Global existence and finite-time blow-up for a class of nonlocal parabolic problems

Abstract

An analysis of the nonlocal parabolic equation $$ u_t-\Delta u=\frac{\delta f(u)}{(\int_\Omega f(u))^p},\quad x\in\Omega, t>0, \tag"(P)" $$ and its associated steady state equation $$ -\Delta u=\frac{\delta f(u)}{(\int_\Omega f(u))^p}, \quad x\in \Omega, \tag"(S)" $$ with Dirichlet boundary conditions is given, assuming $\Omega\subset\Bbb R^n$ is a smooth bounded domain, $\delta>0$, $p\ge0$, and $f$ is positive and locally Lipschitz continuous.
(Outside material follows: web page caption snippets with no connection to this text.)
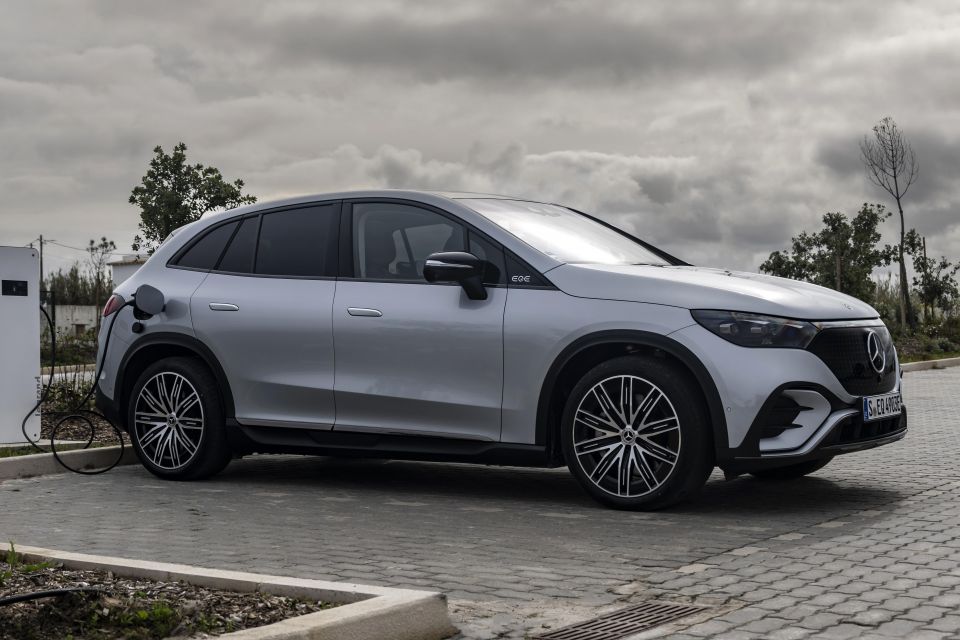 Mercedes-Benz EQE SUV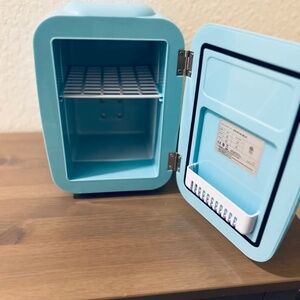 Multifunctional mini fridge (cooling and warming)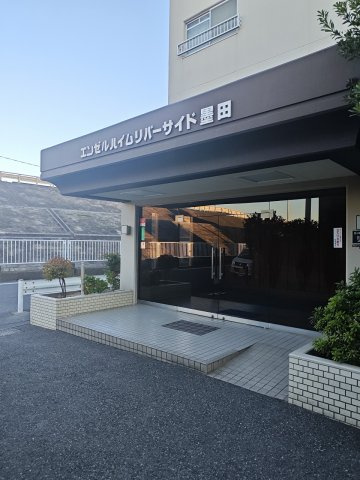 エンゼルハイムリバーサイド墨田のエントランス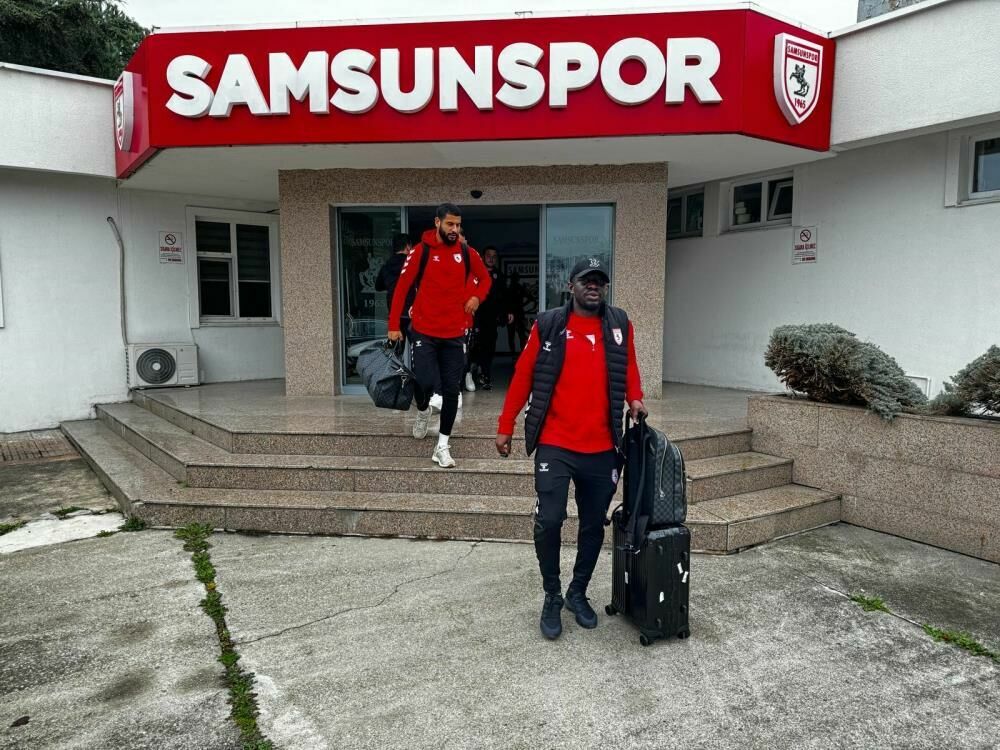 Samsunspor Hatayspor maçı için yola çıktı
Existence-nonexistence results are proven for (S) when $f(u)=e^u$ or $e^{-u}$ and $\Omega$ is a ball or star-shaped domain. For $f(u)\ge c>0$, $n=1$, and $p\ge1$, we prove that (P) has a global bounded solution for any nonnegative initial data $u_0(x)$ and any $\delta>0$. For $f(u)=e^u$, $n=2$, $\Omega=B_1(0)$, $u_0(x)$ radially symmetric, nonnegative, if $p>1$, (P) has a unique, globally bounded solution for any $\delta>0$. If $p=1$, $0<\delta<8\pi$, (P) again has a bounded global solution. For $f(u)=e^u$, $n=1$ or 2, if $p<1$ and $\delta>\delta^*$ where $\delta^*$ is critical value for existence-nonexistence for (S), then the solution $u$ of (P) blows up in finite time.